OpenKM has many interesting features, but requires some configuration process to show its full potential.
 #52900  by farkinid2
Long time OpenKM user here. I've deployed OpenKM community in my own office for a while now but have never encountered this problem.

Using a VM, I've deployed a test OpenKM Community server as a test bed. Currently running OpenKM 6.3.11. The system is operating as intended except with regards to PDF files.

I've uploaded a couple of PDF files into the system but none of these PDF files have been successfully indexed. The files are a mix of scanned documents, print to pdf type documents and scanned documents which have been converted to fonts via tesseract (manually). At this point the search function works for all docx, xlsx, txt files. For PDF no text has been successfully extracted.

All files have already been processed in the text extractor (no files in queue). I've attached a screenshot of the list of words extracted for a test file as well as a sample pdf file.

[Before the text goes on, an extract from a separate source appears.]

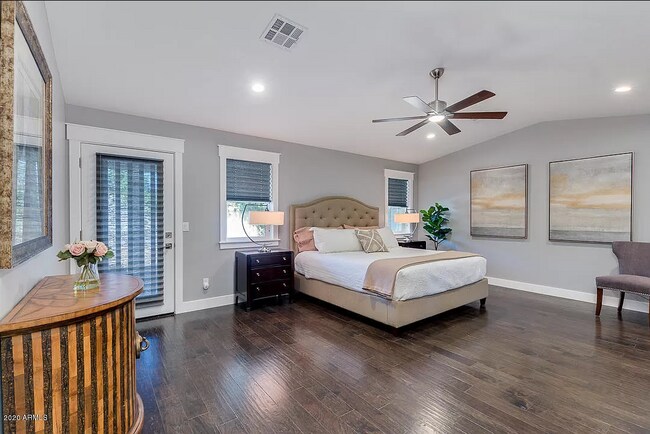 Foto del edificio - 2913 N 47th St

On a side note, if we were to subscribe to OpenKm online but we have very large scanned pdf files to process, what sort of limitations would be we facing? For example some user's files are scanned documents totaling approximately 800mb per file. There are approximately 50,000 files of varying sizes
 #52912  by farkinid2
Just a quick note. I've managed to resolve the situation.

Went to Utilities -> Plugins -> Text Extractor -> Disabled cuneiform text extractor
 #52936  by saleem55
I have same problem
can not extract text from pdf
 #52937  by saleem55
resolved .
disable force pdf OCR
solution was in one of the resolved topic